None of that came as a surprise to David Culpepper, the school’s headmaster.
“This class was very relational,” he said. “This class exemplified a family. They really cared about each other and reached out and had open arms to the community.”
TCPS graduated 17 students Friday night at Calvary Baptist Church. The school’s third graduation featured each graduate handing a rose to his or her mother and a special ribbon-cutting ceremony. Ellen Lowrie Black, a graduate professor at Liberty University, was the guest speaker.
Graduates Jenna Franklin and Elise Trousdale each said that they were struggling in school before coming to TCPS as sophomores but have since flourished. They cited the small class sizes and nurturing environment.
“I’ve learned that there are places that can give you second chances and people willing to help you,” Franklin said.

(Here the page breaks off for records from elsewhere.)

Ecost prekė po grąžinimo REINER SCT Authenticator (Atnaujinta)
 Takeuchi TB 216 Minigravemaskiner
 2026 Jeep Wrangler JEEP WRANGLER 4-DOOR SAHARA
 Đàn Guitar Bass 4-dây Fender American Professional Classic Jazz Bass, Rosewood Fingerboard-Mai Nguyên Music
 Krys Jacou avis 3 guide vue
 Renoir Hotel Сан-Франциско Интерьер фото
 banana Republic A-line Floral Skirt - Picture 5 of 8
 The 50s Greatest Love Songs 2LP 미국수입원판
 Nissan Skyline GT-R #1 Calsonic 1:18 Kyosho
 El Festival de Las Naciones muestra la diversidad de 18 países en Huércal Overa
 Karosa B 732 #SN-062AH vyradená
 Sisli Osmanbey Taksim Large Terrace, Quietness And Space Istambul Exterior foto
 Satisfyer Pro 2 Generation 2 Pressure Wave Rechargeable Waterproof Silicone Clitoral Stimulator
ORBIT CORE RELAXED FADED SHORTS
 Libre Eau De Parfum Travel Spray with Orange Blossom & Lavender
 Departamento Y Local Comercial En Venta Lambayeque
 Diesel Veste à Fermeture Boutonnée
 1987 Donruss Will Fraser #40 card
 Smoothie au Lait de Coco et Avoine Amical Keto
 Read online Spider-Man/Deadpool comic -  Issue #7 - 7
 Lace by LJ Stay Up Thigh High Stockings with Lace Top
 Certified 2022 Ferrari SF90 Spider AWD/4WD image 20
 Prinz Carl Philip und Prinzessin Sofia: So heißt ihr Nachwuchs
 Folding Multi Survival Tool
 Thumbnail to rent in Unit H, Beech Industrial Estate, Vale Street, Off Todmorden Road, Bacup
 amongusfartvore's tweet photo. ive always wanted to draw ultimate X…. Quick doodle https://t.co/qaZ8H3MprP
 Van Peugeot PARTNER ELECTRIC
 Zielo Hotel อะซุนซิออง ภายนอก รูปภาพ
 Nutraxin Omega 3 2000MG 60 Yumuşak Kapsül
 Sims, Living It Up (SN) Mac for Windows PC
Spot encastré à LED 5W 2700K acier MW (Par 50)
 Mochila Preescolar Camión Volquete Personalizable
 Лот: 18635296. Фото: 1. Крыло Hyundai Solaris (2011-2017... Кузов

Culpepper said the school has had all of its seniors graduate and get accepted to college during each of the three years it has had graduates. This year’s class earned $285,000 in scholarships.
Valedictorian Megan Woodruff spoke to her classmates about the investment they have made in the school and the school has made in them. She said she wanted to impress upon her classmates how special she believes their school was.
“It is more like a family,” she said. “You don’t just go to class, you also gain Christian examples and character.
“Our class will have a really hard time not talking to each other because we love each other personally.”
Salutatorian Weston Webb issued a challenge to the class, asking his fellow graduates to think about who they are, where they want to be and how they want to be remembered.
Graduate Benjamin Hubbert said it was hard to believe that graduation day had come.
“I barely remember my senior year,” he said. “It happened so fast.”